The Insight center’s analysis was based on 2016 data from the U.S. Census Bureau and measured through the Family Needs Calculator(FNC), a tool that estimates the cost of living for families of different sizes by looking at the cost of housing, transportation, food, and other expenses in each county in the state. The FNC is an alternative to federal poverty measures, which do not account for the cost of housing and other expenses.

In the Bay Area, 53% percent of Latino workers have trouble paying for basic expenses, compared with 30% among workers of all racial and ethnic groups, according to additional data provided by the center. The analysis also found that the median household income for Latino workers in the Bay Area is $70,900 annually and $110,000 in the Bay Area as a whole.

This economic picture is consistent with what Armando Hernandez, the director of community programs at the Oakland-based community organization the Unity Council, said he regularly sees in his work with low-income clients. Most Latino clients the organization serves have low-wage jobs, he said, and many have more than one, making it harder to pursue opportunities, like vocational and workforce training programs and high school and college degrees, that might lead to higher paying positions.

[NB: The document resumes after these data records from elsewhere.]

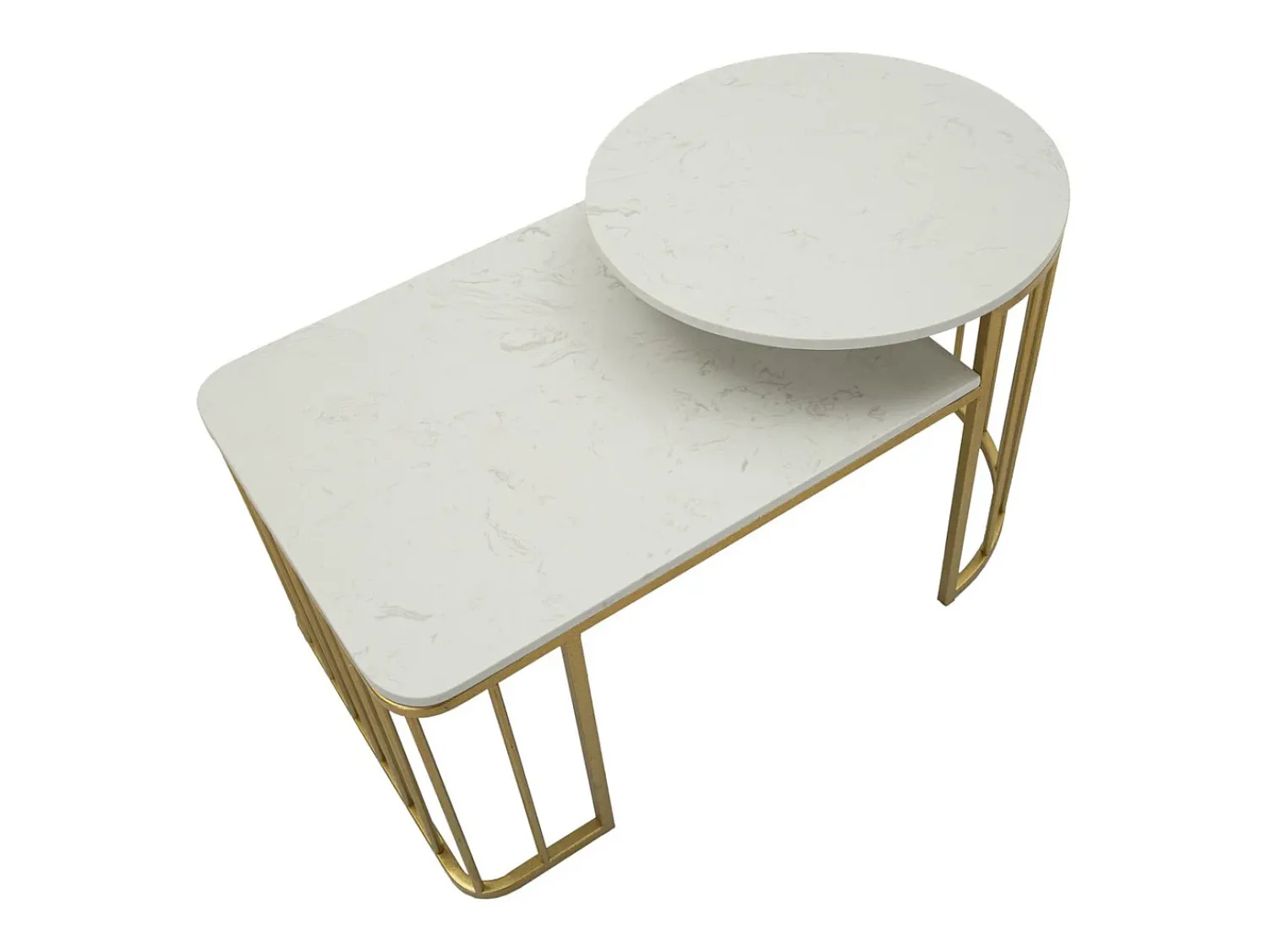 Mesa De Centro* Mesa de Centro VKH792, Ouro, 90x50x50 cm, Kendra Home Dourado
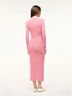 STAUD Pink Casual Dress Size M - photo 5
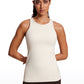 Butterluxe Hip-Length Racerback Tank High Neck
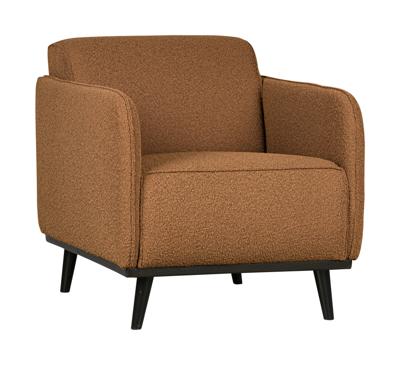 WOOOD Fauteuil 'Statement' Met arm, Bouclé, kleur Butter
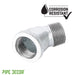 1 1/2 in. Galvanized Iron 45 Degree Street Elbow - Sweatfully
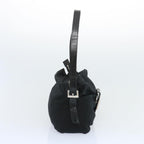 FENDI Mamma Baguette Shoulder Bag Nylon Black65743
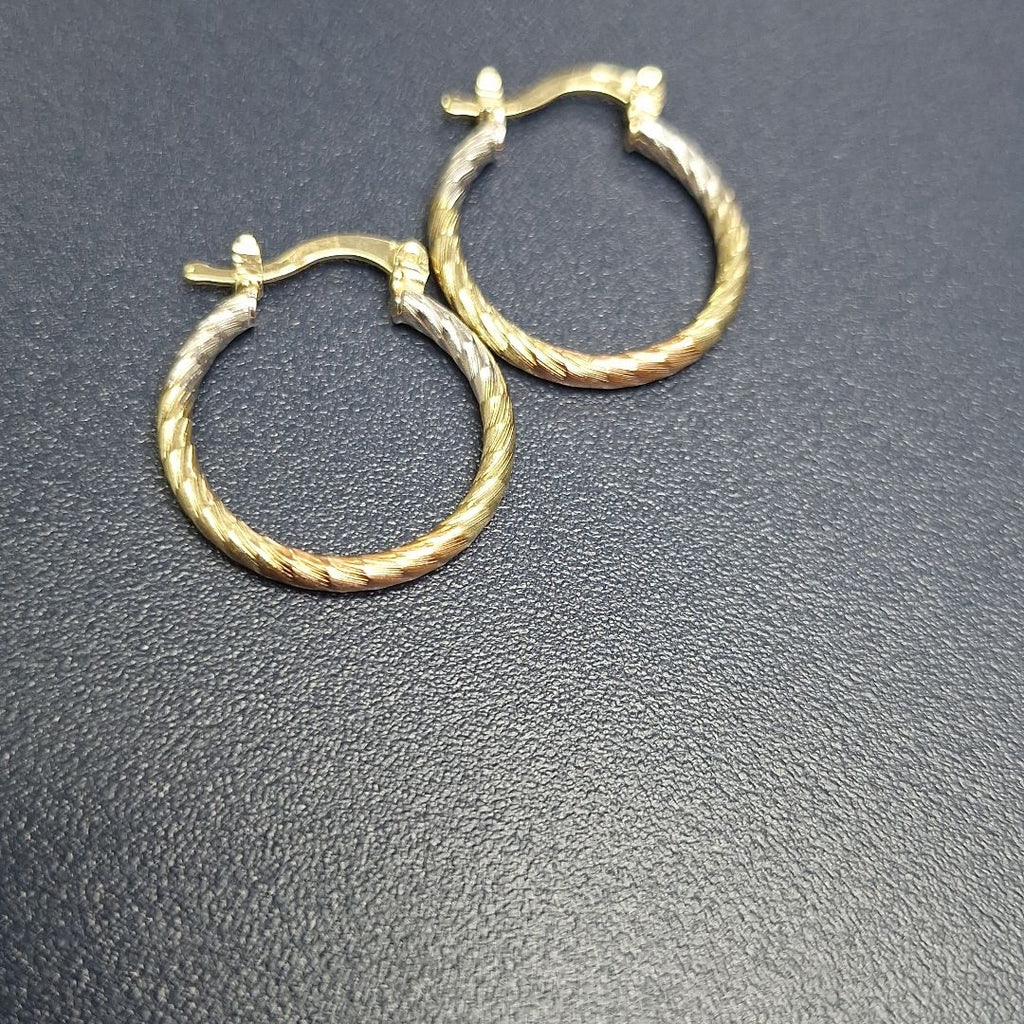 ARETES TEJIDO ARRACADAS TZL COMBINADAS 14K 1.8 GR (NUEVO)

“Most families are working between two to three jobs,” Hernandez said. “That’s really the Catch 22 we find ourselves in. Clients come in and say, ‘I need a better job.’ But when we say: ‘Can you take this training or can we help you in this way?’ they say they have another job at that time or don’t have child care.”

He added, “The challenge really is time. Time is such a commodity for people with low incomes and low educational attainment. It’s a loop they’re caught in in having to work so much to make ends meet.”

The Bay Area’s housing crisis has also put a squeeze on many low-income Latino families, Hernandez noted.

“We are seeing seniors, working families, and youth that are being displaced, that are living in their cars, that are crashing with their families or their friends and in emergency shelters,” he said, adding, that what makes the situation so difficult here is “the housing and the fear of being displaced.”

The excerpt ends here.